Così si continua pure con le fonti fossili, facendoci dimenticare la crisi climatica (la nostra incessante guerra alla Terra), perché, evidentemente e tragicamente, chi mai ha voglia di ascoltare il grido della Terra e di Guterres quando ci sono le grida dei morti di ogni giorno in ogni guerra, le grida dei bambini di Gaza (che in realtà, anch’esse, finiscono per rimanere inascoltate)? Sì, c’è una pericolosa voglia di guerra, oggi, anche in Europa. Attivata e sostenuta dal capitale. Quale occasione migliore, infatti – per nascondere oggi la crisi climatica – che promuovere una escalation con la Russia, con la Cina e continuare ad accrescere i profitti?

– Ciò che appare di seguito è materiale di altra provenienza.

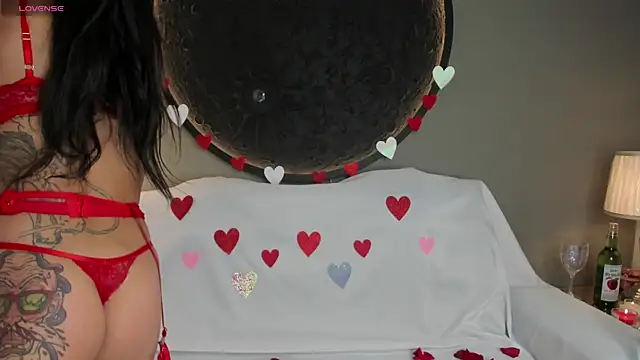 miss vaiolette online show from 02-14-25, 11:10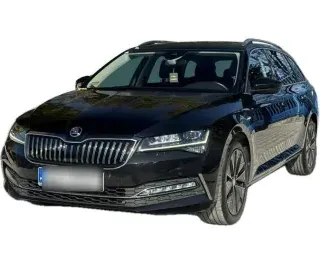 CZARNY KOMBI SKODA SUPERB z 2022 r., DIESEL, skrzynia biegów AUTOMATYCZNA 150KM, zdjęcie główne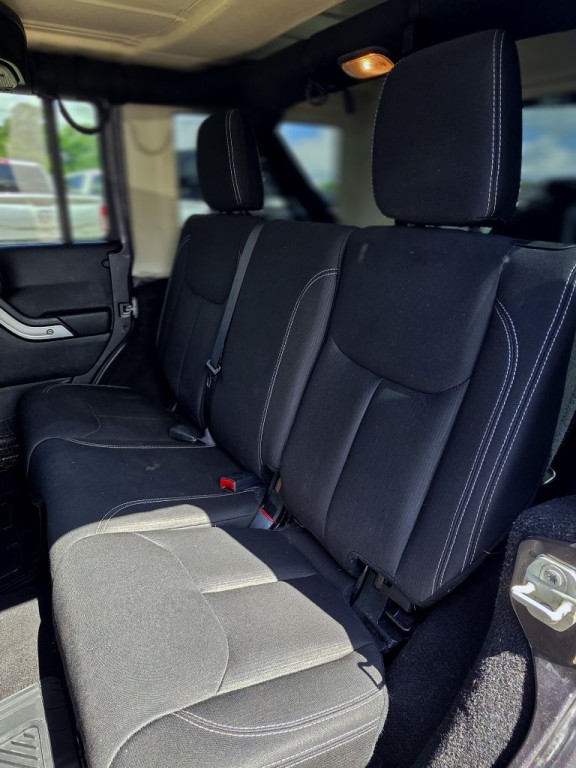 2016 Jeep Wrangler Unlimited Image 8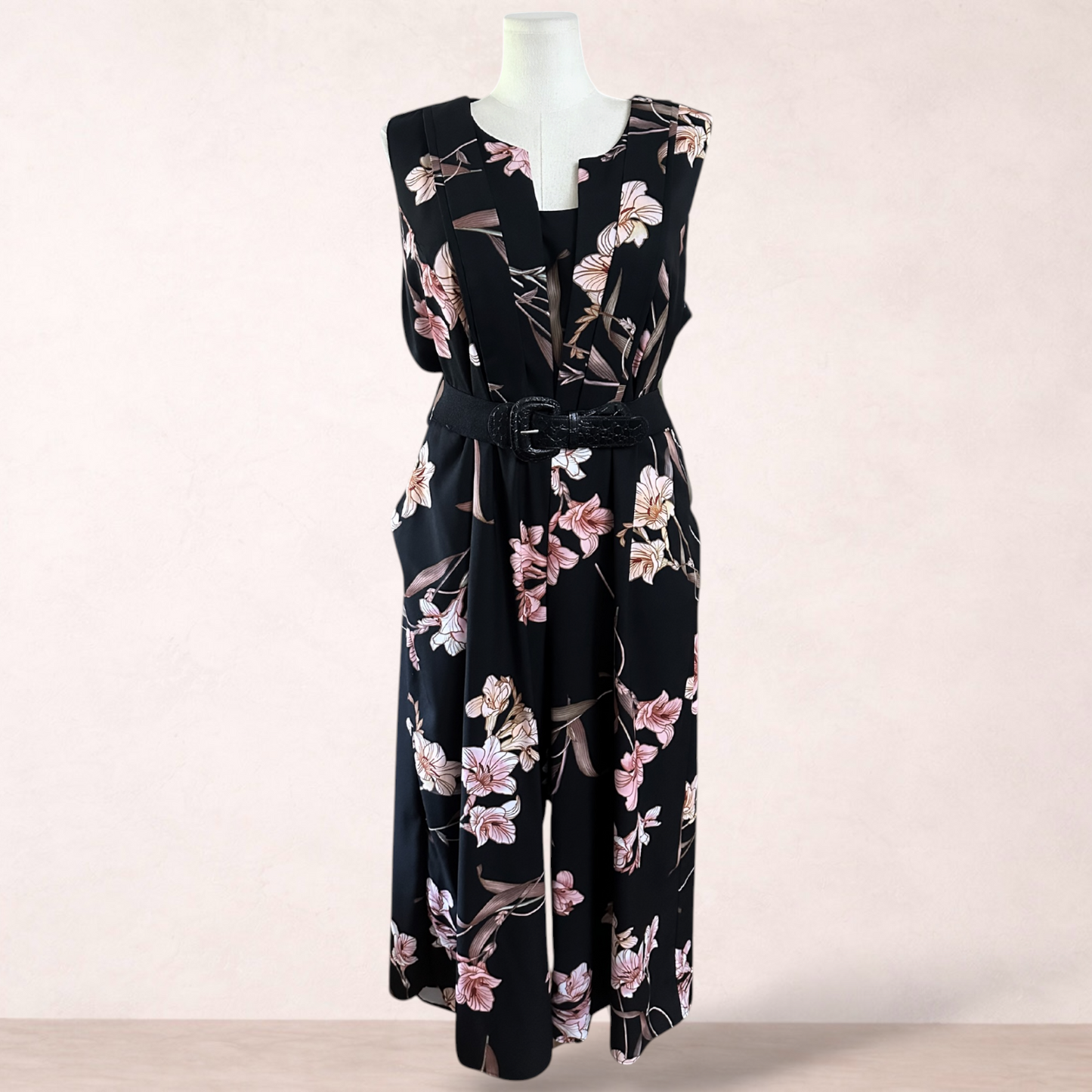 City Chic Black Floral Belted Jumpsuit | Plus Size XL/22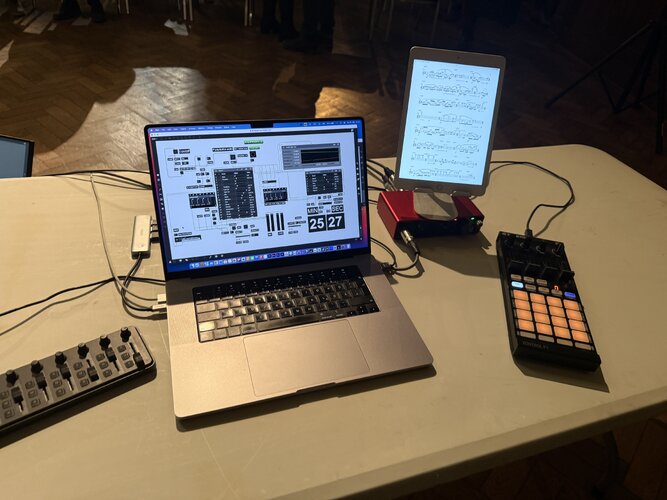 Theater der Klänge Neue elektronische Töne 2697.JPG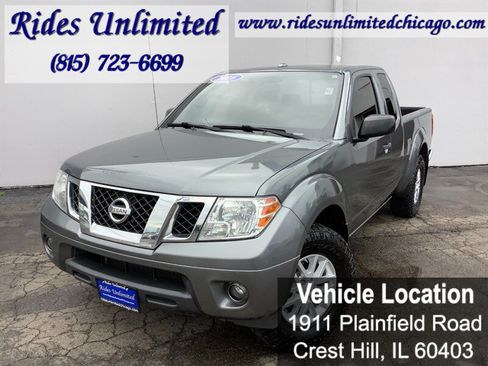 Used 2016 Nissan Frontier SV w/ SV Value Truck Package AWD/4WD image 2
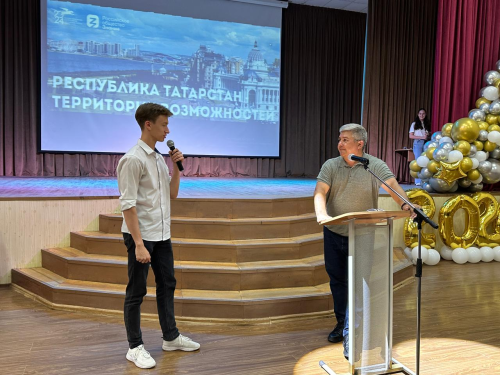 Зеленодольские лицеисты с главой города поучаствовали в открытом уроке «Знаю Татарстан»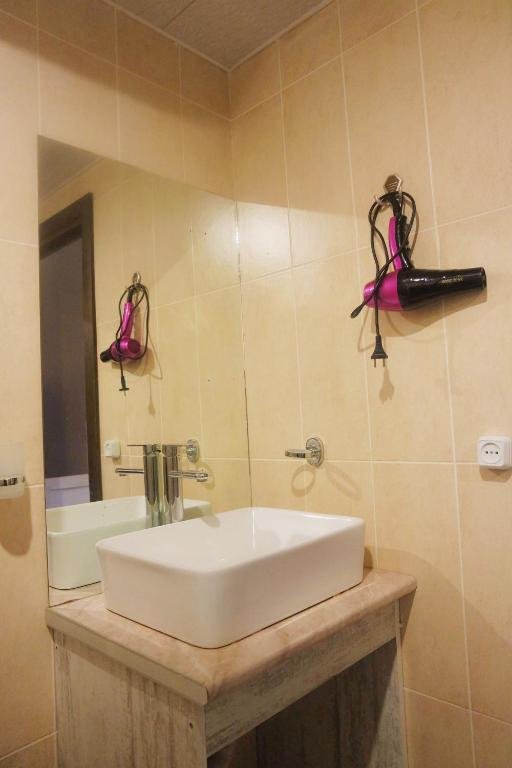 Бакуриани: Hotel Mgzavrebi 6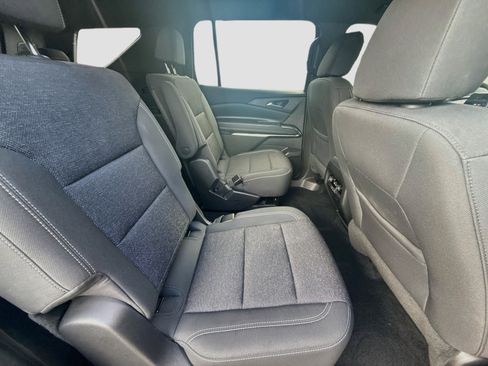 Used 2025 Chevrolet Traverse LT FWD image 29
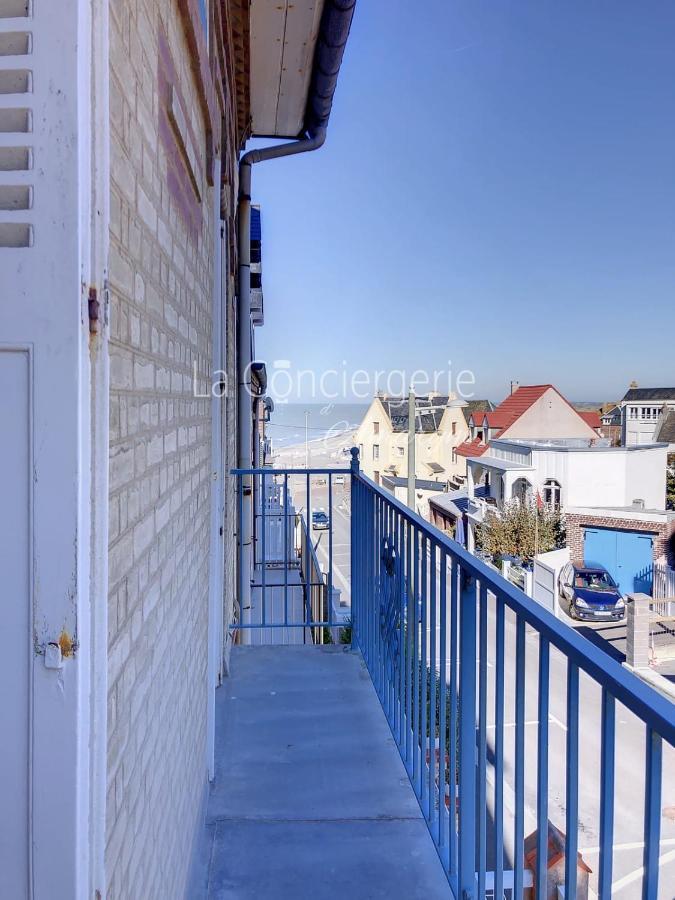 Ad 30 - Appt Balcon 2 Chambres Et A Ault Exterior photo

Tutte le guerre, quelle militari da riscoprire dopo un troppo lungo periodo di pace (almeno in Europa) e la continuazione senza ostacoli ambientalistici di quella alla Terra, sono infatti nell’essenza del capitale (se appunto possono essere valorizzate in senso capitalistico), cioè sono uno dei mezzi per garantire al sistema la propria riproducibilità. Ovvero, parafrasando ancora von Clausewitz, per la continuazione del capitalismo in altri modi.